2018 Primetime Emmy
& James Beard Award Winner

Drinking With Enormous Japanese Men Is No Joke

Drinking With Enormous Japanese Men Is No Joke

Lots of Alcohol in Osaka

The rikishi dressed in colorful kimonos and wore impish grins. Their backs were as big as barn doors and their stomachs as round and hard as oak barrels. They wore geta, wooden flip-flops with an elevated base, and sleek topknots that, in the traditional Japanese dining room, harked back to an earlier epoch. Their mood was boyish and eager as they gulped greedily from their beer glasses.

I, too, drank deeply from my bottle and listened while Goushi, a 21-year-old wrestler, squawked through a Japanese karaoke classic on a stage at the back of the restaurant. His voice buckled under the stress of the high notes. The light from the small TV screen flickered on his face, and he gripped the microphone tightly in his shaky right hand.

On the tables that surrounded the stage, fellow rikishi giggled at his efforts, attempting to hide their embarrassment in mouthfuls of rice. But they didn’t criticize too much. They knew it would be their turn soon.

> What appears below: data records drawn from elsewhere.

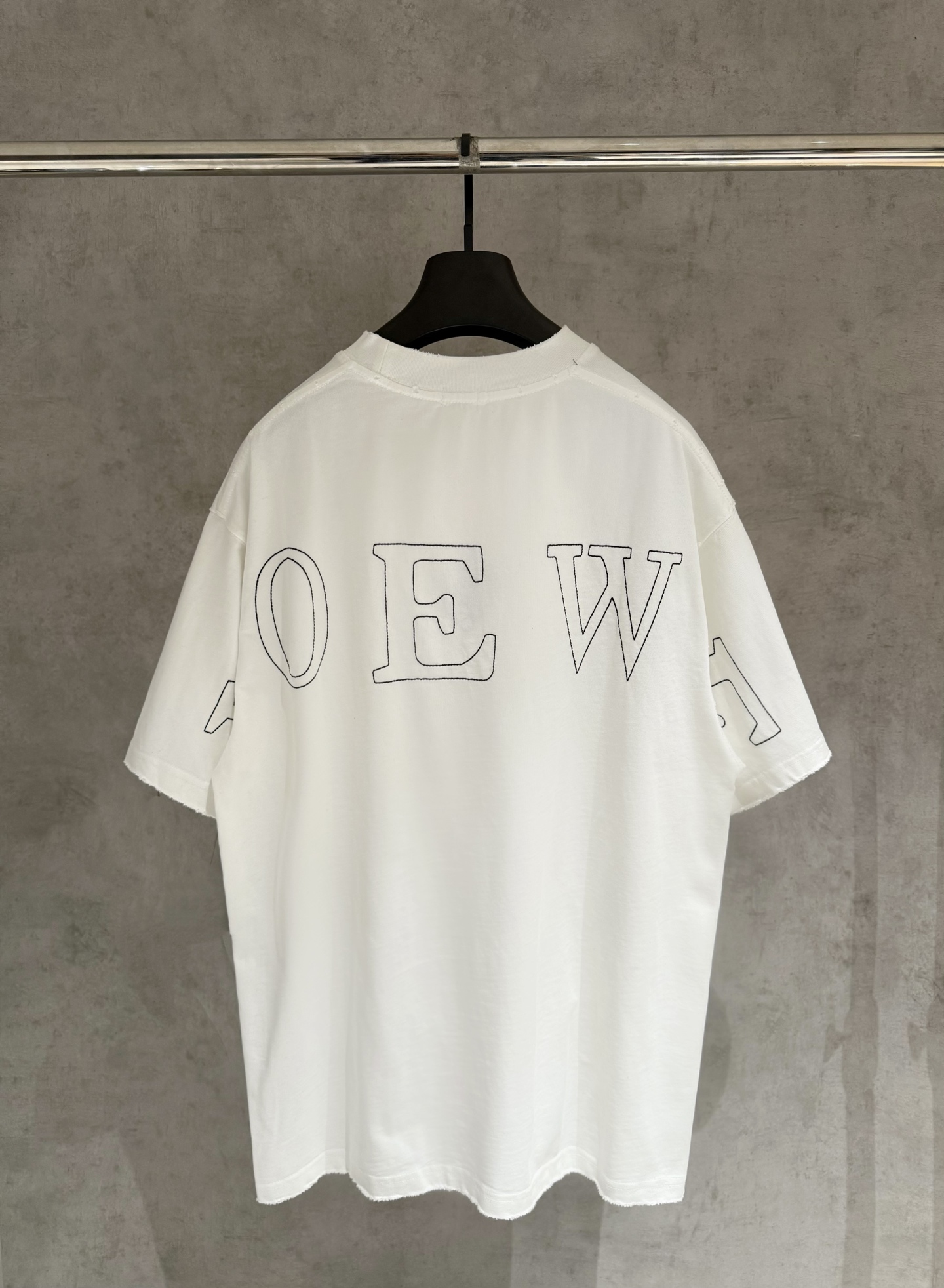 로에베(LOEWE) 패치 자수 반팔 티셔츠 의류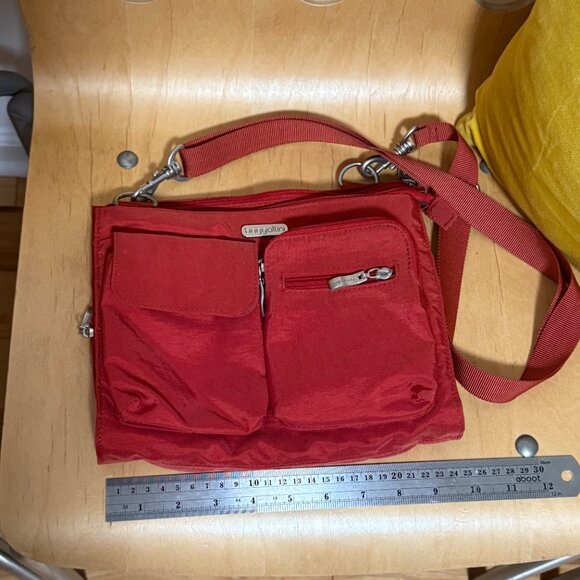 Baggallini Bright Red Crossbody Bag Purse With Attached Case Multi Pockets - Picture 14 of 14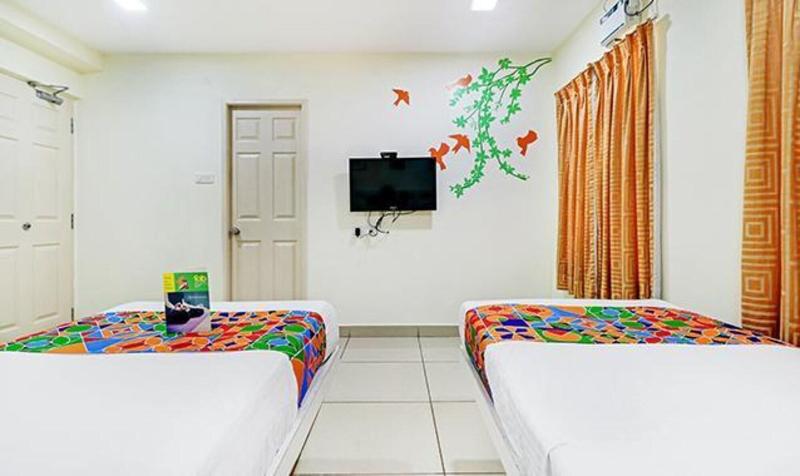 Fabhotel The Brown Tree image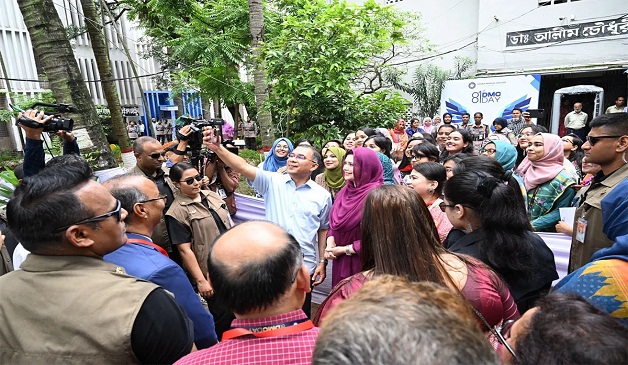 ঢামেকের ৮০ বছর পূর্তি অনুষ্ঠানে প্রধানমন্ত্রী, তুললেন সেলফি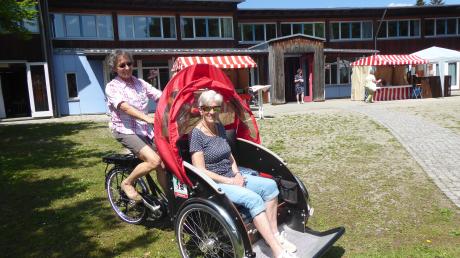 Besucherin Evelyn Spittel ließ sich von Angela Kellermann mit der Fahrrad-Rikscha spazieren fahren.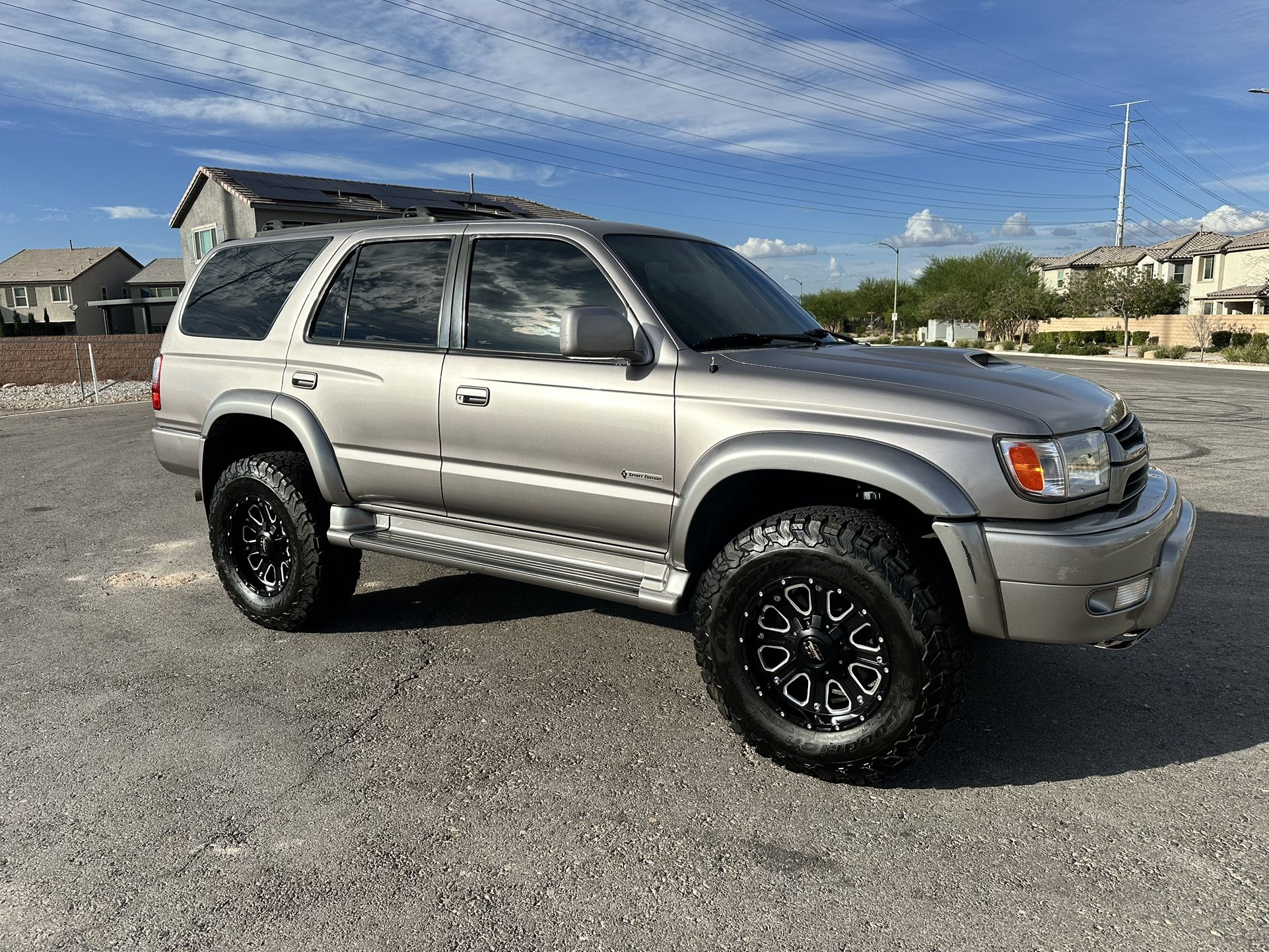2002 Forerunner 2002 Toyota 4Runner for Sale in Las Vegas, NV - OfferUp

I was at a pre-tournament dinner, near the wrestlers’ residence in Osaka. The dinner was a night of karaoke, food, and alcohol; but mainly the sake-soaked latter. It was a brief respite for the wrestlers, who for the past two months had been rising at 5am to the prospect of yet more bruises and bone-crunching impacts. Tonight, they could enjoy the sushi, Wagyu beef, and over-sized bottles of Asahi beer.

I sat among the stable’s benefactors. The men were slim and middle-aged with loosened collars, slackened ties, and shiny watches. They gossiped about the upcoming tournament, about who they thought might perform well and what might happen in the future. And they did this with the help of inordinate amounts of alcohol and strong cigarettes. Beer, sake, wine, shochu, and Japanese whisky were all gulped and guzzled amid bursts of laughter and mucus-y coughs.

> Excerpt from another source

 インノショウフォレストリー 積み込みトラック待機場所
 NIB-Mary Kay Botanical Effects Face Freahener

Among these men sat the oyakata (the stable’s head trainer), Eji Suzuki. Suzuki had been a sumo wrestler of high rank, and like many ex-rikishi his face was saggy, stretched by years of preternatural heaviness. Now the size of an average Japanese man, he had the look of a crumpled plastic bag.

Suzuki drank white wine from Argentina. He drank it quickly and in large quantities. And by the time I got to speak to him he was drunk.

“When I was a rikishi we woke up earlier and trained much harder,” he slurred.” These days the wrestlers are treated too well.”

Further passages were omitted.